Masury Water Co. v. Public Utilities Commission

58 Ohio St. 2d 147 | Ohio | 1979

Per Curiam.

Initially, appellant challenges the nine percent rate of return allowed on its capital structure. Appellant argues that the weight of the testimony submitted with respect to its cost of equity demonstrates that a 14 td 16 percent rate of return was warranted. Appellant avers that the commission erred in accepting a 10 to 12 percent cost of equity calculation, since this recommendation was submitted by commission staff witnesses whose expertise in the field was not as extensive as appellant’s expert.

This court with regard to evidentiary matters does not review a finding and order of the commission de novo.
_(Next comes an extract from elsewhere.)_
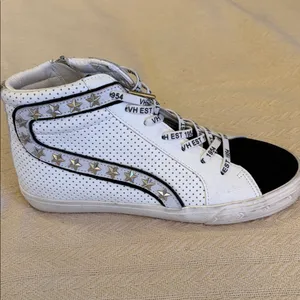 Vintage Havana White and Black High-Top Sneakers shoes with black suede toe 10 thumbnail 3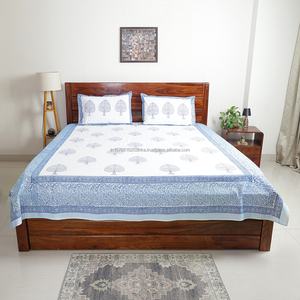 Blue Tree of Life Pattern White Cotton Bedsheet with Pillow Covers Queen Size 90 x 108 Inches Traditional Indian Block Print - Product Image 3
Where conflicting evidence is presented to the commission with regard to a matter at issue, the commission’s determination will not be disturbed unless the party who challenges that finding demonstrates that it is manifestly against the weight of the evidence and so clearly unsupported by *149the record in the cause as to demonstrate misapprehension, mistake, or willful disregard of duty. Consumers’ Counsel v. Pub. Util. Comm. (1979), 57 Ohio St. 2d 78, 386 N. E. 2d 1343; Ford Motor Co. v Pub. Util. Comm. (1977), 52 Ohio St. 2d 142, 152, 370 N. E. 2d 468.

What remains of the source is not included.